Welcome to the Indeed Job Scraper! This Python project helps you automatically scrape job postings for data analyst positions in New York, NY from Indeed.com and sends the results via email. 📧
- 🚀 Automated Scraping: Scrape job listings from Indeed.
- 📊 Structured Data: Extract crucial details like job title, company, location, salary, and date posted.
- 💾 Data Storage: Save the extracted data in a CSV file.
- 📬 Email Notification: Send an email with the CSV file as an attachment.
Make sure you have the following dependencies installed:
selenium
beautifulsoup4
pandas
lxml
smtplib
You can install these dependencies using pip:
pip install selenium beautifulsoup4 pandas lxml
Download and install Geckodriver to enable Selenium to work with Firefox. Geckodriver Downloads.

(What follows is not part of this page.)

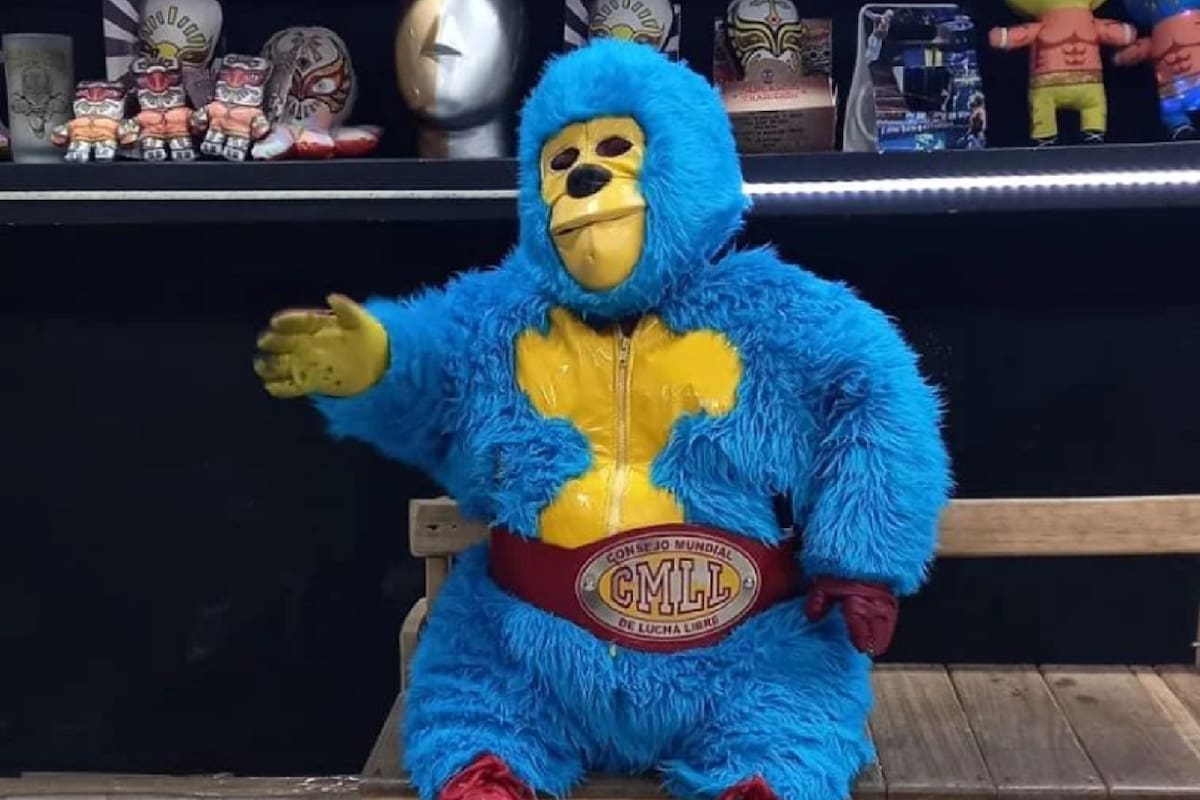 VIDEO: El luchador Kemonito genera preocupación tras impactante caída en función de lucha libre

Make sure you have access to a valid email account for sending the scraped data through SMTP.
Save the provided code to a file (e.g., main.py
) and execute it:
python main.py
Replace the sender, receiver, and email credentials with your actual email account details in the script.

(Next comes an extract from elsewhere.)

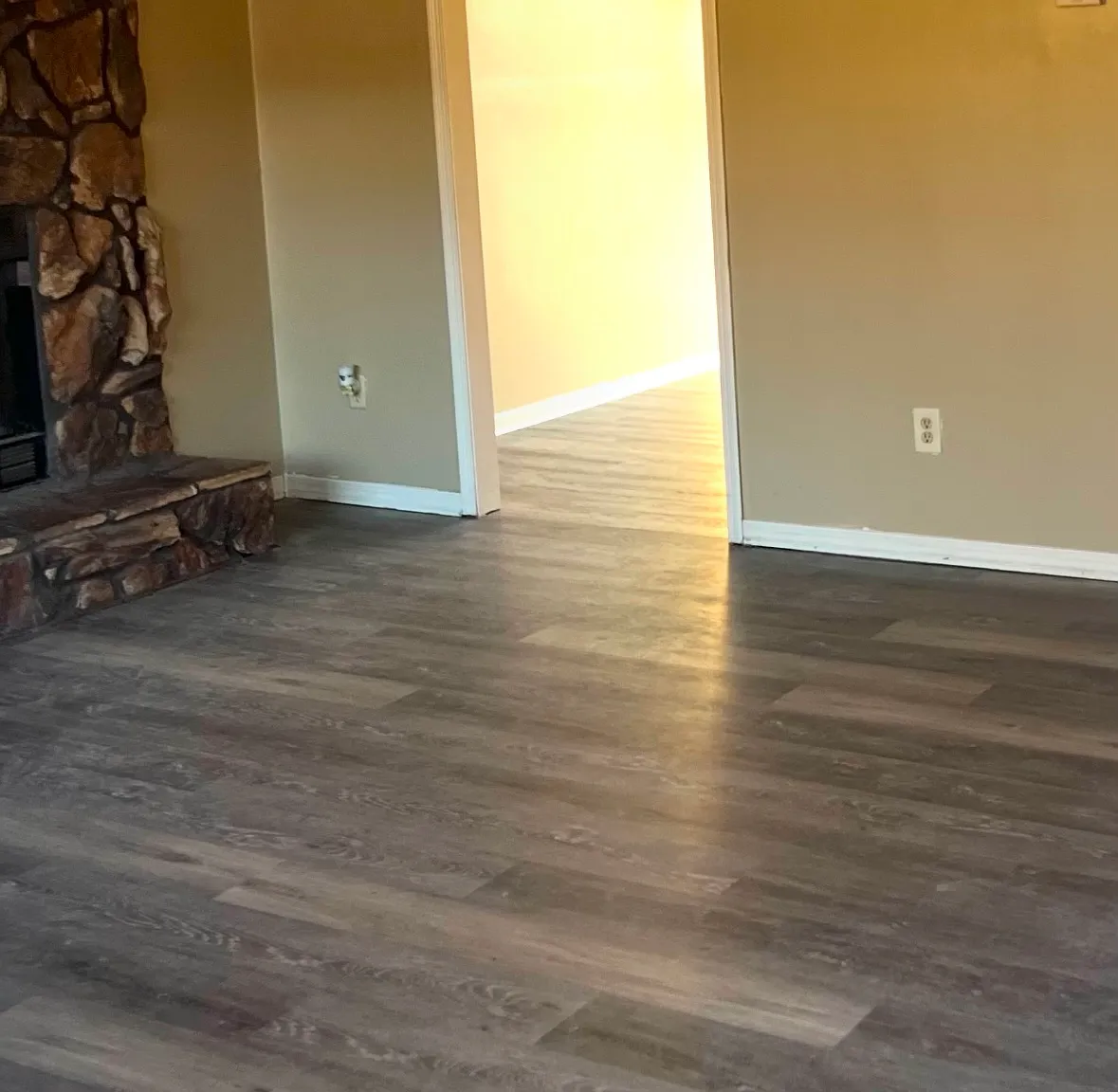 2 bed, 864 sqft, $1,250 — Photo 2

sender = 'your_email@gmail.com'
receiver = 'receiver_email@gmail.com'
password = 'your_email_password'
Adjust the file paths in the script accordingly:
df.to_csv('path/to/your/directory/indeed_scraped_data.csv')
# Attachment file path
part.set_payload(open('path/to/your/directory/indeed_scraped_data.csv', 'rb').read())

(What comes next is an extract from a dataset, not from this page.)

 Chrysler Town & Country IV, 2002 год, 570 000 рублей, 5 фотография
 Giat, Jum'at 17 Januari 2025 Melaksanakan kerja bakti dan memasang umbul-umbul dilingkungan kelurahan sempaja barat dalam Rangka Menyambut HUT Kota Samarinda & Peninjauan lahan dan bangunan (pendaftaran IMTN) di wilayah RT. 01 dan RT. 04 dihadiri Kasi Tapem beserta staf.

The script does the following:
- Uses Selenium to navigate to Indeed.com and perform a search for data analyst jobs in New York, NY.
- Extracts job details using BeautifulSoup.
- Organizes the extracted data into a pandas DataFrame and saves it as a CSV file.
- Sends the CSV file via email using smtplib.
- Ensure Geckodriver is in your system's PATH or update the script with the correct path to Geckodriver.
- Make sure your email account settings allow less secure apps or generate an app-specific password if using two-factor authentication.
Thank you for using the Indeed Job Scraper!